Remember how I said my husband was finally coming home after being gone since Tuesday....I was wrong. I mean technically he did come home at 12am and was sleeping when I got up to leave so he was home but I never saw him. He is back to traveling today and tomorrow and that SUCKS! We had plans. I am getting off work early tonight because I thought he would be home and we could spend time together. We were going to sleep in tomorrow then enjoy the afternoon at Ribfest....both of those plans are down the drain.
I have no idea what I will do this weekend. The house is clean, I'm all sewn out, it's hot out, I can't carry heavy things (laundry baskets) I just don't know what I will do. I know what I want to do but work keeps my man busy. I'm sad I won't get to spend time with him like I thought I would. This being away is getting to be a lot. I need husband time! I guess the plus is I work full time so I only have to worry about the weekends but in all honesty, I need him right now. My anxiety about our next appointment is really starting to set in and I need his level headedness. He's the one who can stay cool and tell me everythingis going to be okay and actually believe and mean it. I'm a basketcase without him. It's such a huge change for us too. The first night we had ever been apart was 2 years after we first met.
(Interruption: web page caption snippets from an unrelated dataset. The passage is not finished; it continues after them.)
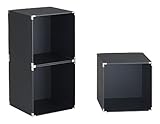 伸晃 キューブボックス ブラック 3台入り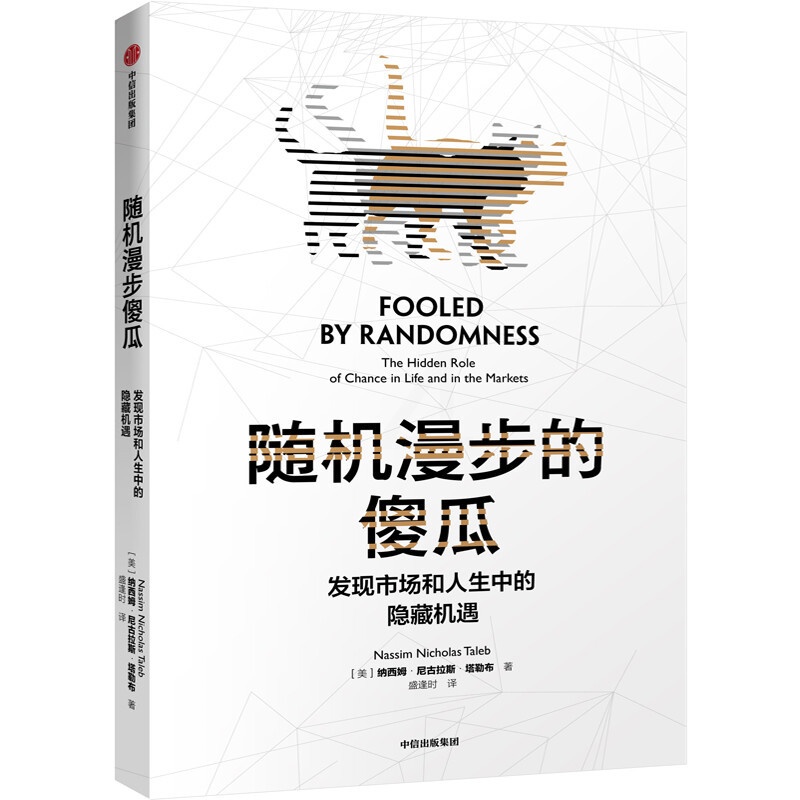随机漫步的傻瓜 [正版]随机漫步的傻瓜 黑天鹅系列 发现市场和人生中隐藏的机遇 纳西姆尼古拉斯塔勒布 著 不确定系列 出高清大图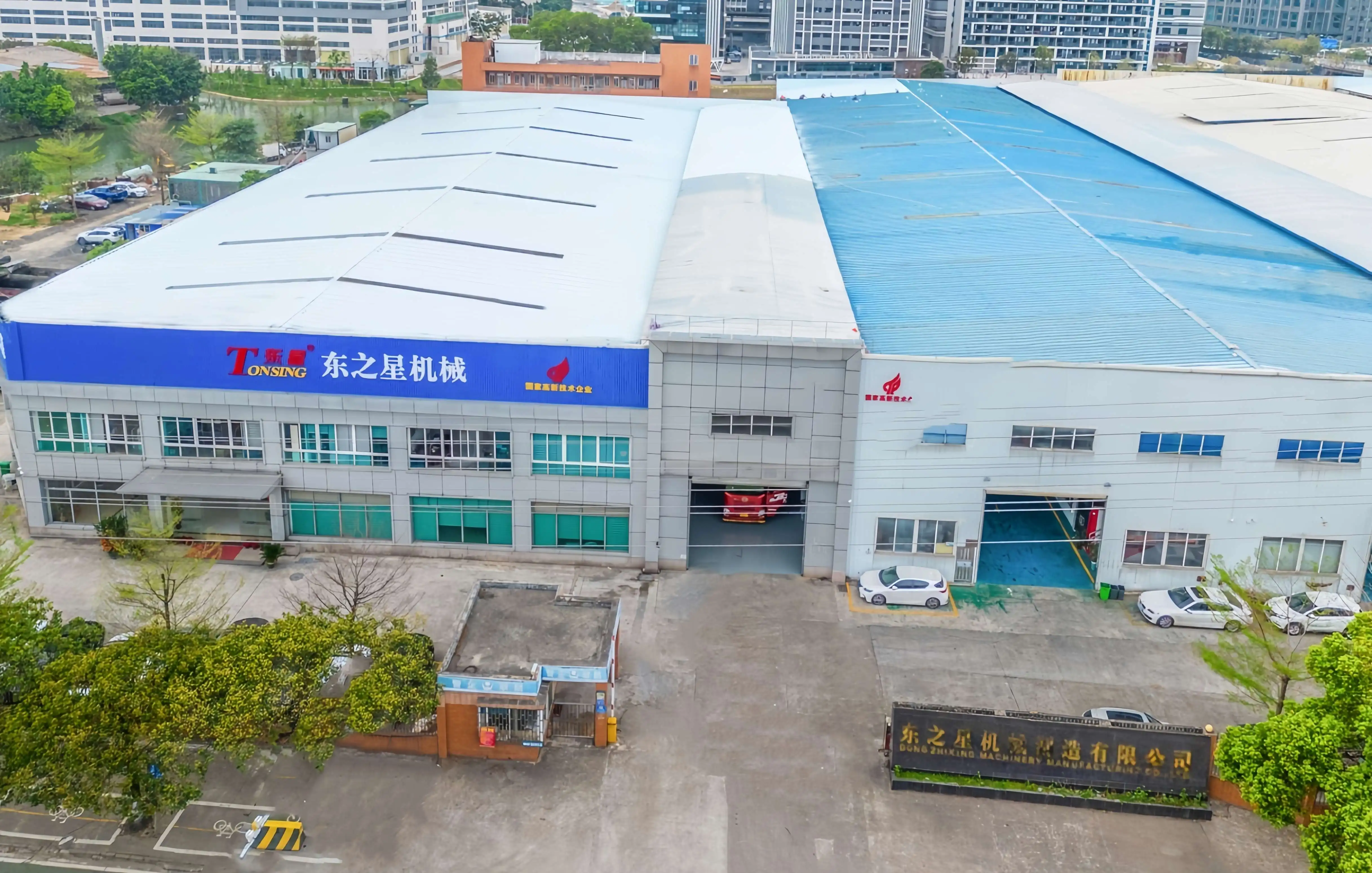 Foshan Starmax Machinery Co., Ltd.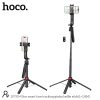 Hoco DYY04 Star Smart Face Tracking Gimbal Selfie Stick
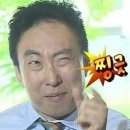 루프탑 합정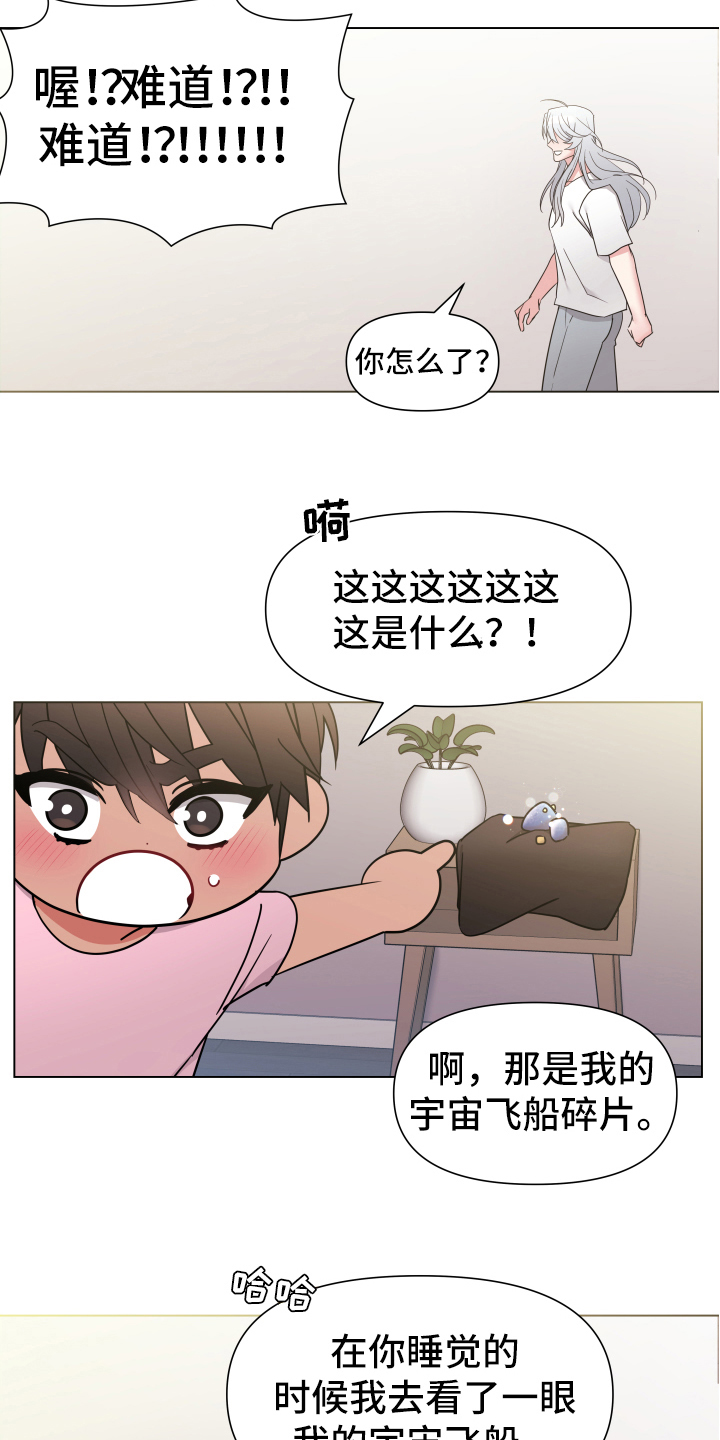 第45章：熙洙还活着吗:不放过你(完)6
Last August was our first night apart when I checked into the hospital for 4 weeks with Jacob. He was still in the city and visited every day so it didn't really seem that different but now these overnight trips are piling up and I can only treat myself to so much while he is gone.
Pity part for one please....might as well book the reservations for all weekend. Overnight? Yes! A bunch of chocolate and other comfort food, sure add it to the bill.